New to Netflix Summer 2022: Stranger Things Season 4


Illustration by Sophia Evans

Harry Tarses

The first thing you have to remember when watching “Stranger Things” is that there has never before been a “Stranger Things. Sure, it’s coming at a time when vast television epics are more commonplace than blockbuster movies, and of course, almost every shot of it references some film or show more than 30 years its elder, but “Stranger Things” still manages to be something entirely unique with every passing scene. In no other place can you find a story so meticulously crafted, so continuously surprising or so purposefully planned as this.

It came in strong with Season One, offering a nail-biting sci-fi thriller that could somehow make you nostalgic for a time you’d never even lived in, and from there it has only grown. Now, three seasons later, it’s an all-out action blockbuster. The nine new episodes feature characters and storylines almost incomprehensibly disconnected from the show’s origin, yet it still maintains the feel of an entirely singular world, one we can escape into shamelessly and completely whenever our heart desires. I don’t know what it says about our modern world that we as a people are so obsessively inclined to look backward, but whatever that wanting is, “Stranger Things” offers the solution.

I should slow down the praise train for just a minute here to address an important fact: “Stranger Things,” while mind-blowing, is not anywhere close to a perfect show. For all its awe-inspiring ambition and clear emotional compass, there are almost countless occasions when the show does not execute to its full potential. There were numerous times throughout Season Four where I’d pause and scoff at the ridiculousness of a set piece, the zaniness of an acting choice, or the complete unbelievability of a line. This show — especially now, with all the pressures of continuing an already massive story — can be colossally, stupidly dumb. At its very worst, the show creates a darker secondary feeling of nostalgia, not for the long-gone 1980s, but for its own recently-deceased beginnings, when the worst thing that could happen was a kid going missing, not a multi-dimensional apocalypse.

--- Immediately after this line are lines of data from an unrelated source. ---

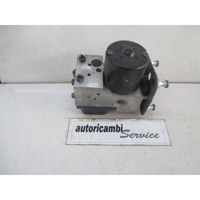 ABS AGREGAT S PUMPO OEM N. 34313012 ORIGINAL REZERVNI DEL MERCEDES CLASSE E W210 S210 BER/SW (1995 - 1999) DIESEL LETNIK 1999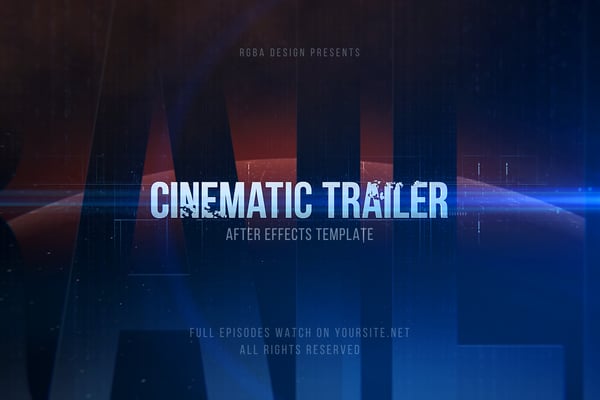 Trailer | Epic Cinema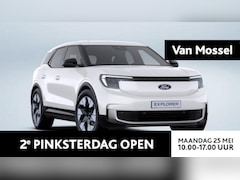 Ford Explorer - EV Premium Extended Range AWD 77 KWH | NU TE BESTELLEN | 20' | B&O | Elek Achterklep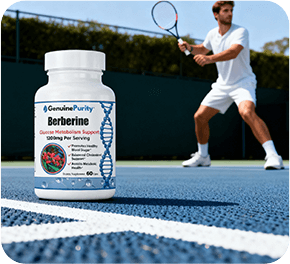 GenuinePurity Berberine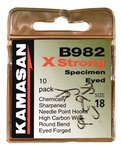 Kamasan B982 Hooks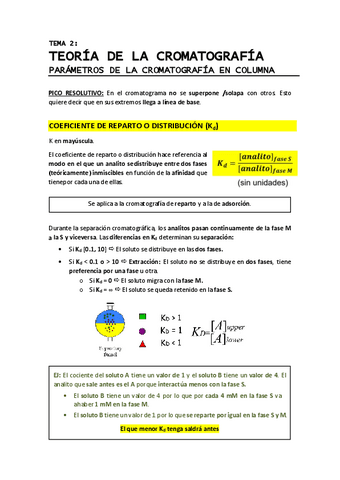 TEMA 2 - Parametros de la cromatografia en columna.pdf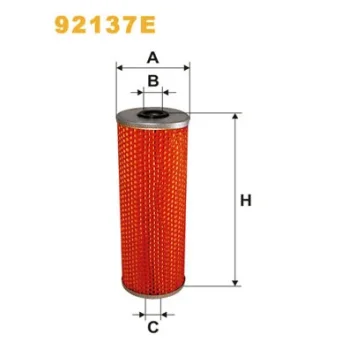 WIX FILTERS 92137E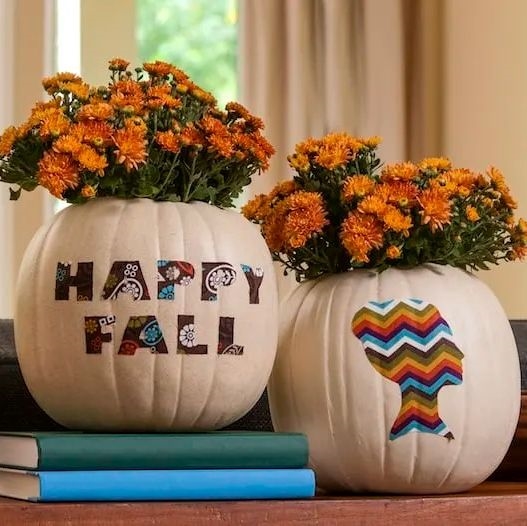 15 DIY Pumpkin Designs That Will Leave You Inspired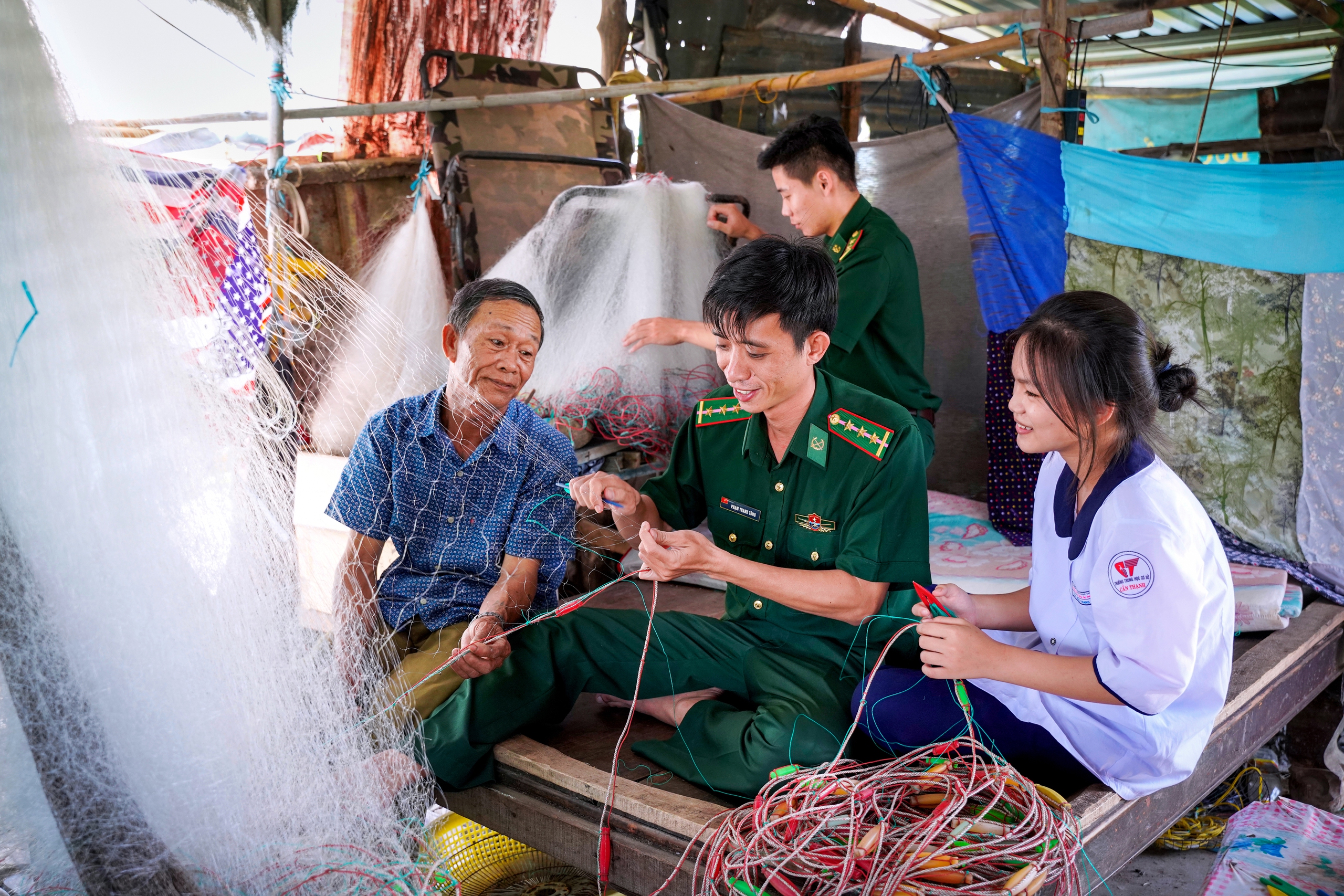 Hồ Chí Minh - Ảnh 11.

For all that negativity, though, I can recognize that this over-inflation of stakes and story is simply the price paid for success and scale, and however often the show doesn’t stick the landing, it ultimately makes up for it with its very existence. Think about a person from the real-life 80s, and how blown away they would be by this show. There’s something comforting, and really, really beautiful, l think, about knowing just how expansively stories can now be told.